# How are logs held on Log Cars?



## jbwilcox (Jan 2, 2008)

This has probably been discussed before, but I cannot find any information on it, so I would appreciate some help.

How are the logs chained tothe log car? I have a bachmann log car with a very short link of chain attached to the chocks with a loop at the end. I was going to use some Ozark Miniature Chain Binders and a length of chain. The long section of chain would go over the top and attach to the chain binder on the other side. This should hold the logs on the car.

Second question: After the cars are unloaded, how is the chain stored on the empty car?
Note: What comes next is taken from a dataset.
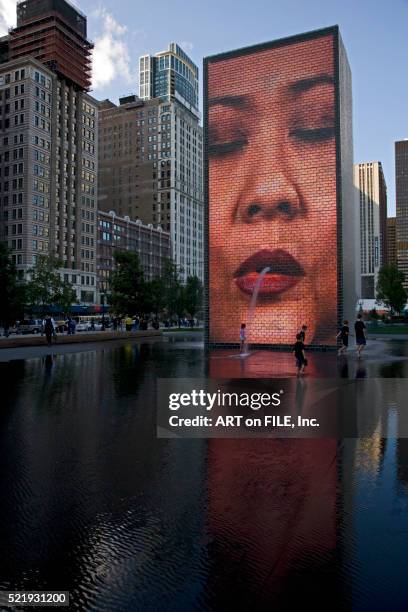 crown fountain at millennium park - michiganmeer stockfoto's en -beelden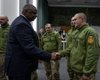 "Невероятно поражены вашей отвагой": министр обороны США встретился с бойцами ВСУ (фото)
Does it just get wrapped around the chock or is it stored some other way?

Thanks for the ideas.
\
John


----------



## Big65Dude (Jan 2, 2008)

John, 

Here's a link to a thread that covers this question: 

http://www.mylargescale.com/Community/Forums/tabid/56/aff/14/aft/115761/afv/topic/Default.aspx 

Good luck and have fun with your trains.


----------



## jbwilcox (Jan 2, 2008)

Thanks, Jack,

That was just what I was looking for.

I have converted my Bachmann Log Cars with the Nonsuch Car Extenders. The improvement in their appearance is unbelievable. 

I also bought some of the Nonsuch logs. They are also a great improvement over the stock Bachmann logs.

I am now in the process of painting and weathering the cars, engine and caboose. I have ordered decals and will try to post some pictures of my log train after they are applied.

This was my first attempt at kitbashing. The conversions of the Bachmann log cars took only about 10 minutes per car. One quick cut with a fine toothed saw followed by inserting the Nonsuch extenders. Then filling the small gap with some filler material and the car was done.

John


----------



## Big65Dude (Jan 2, 2008)

John,

How 'bout posting some pics?


----------



## Torby (Jan 2, 2008)

I was going to say, "Carefully."


----------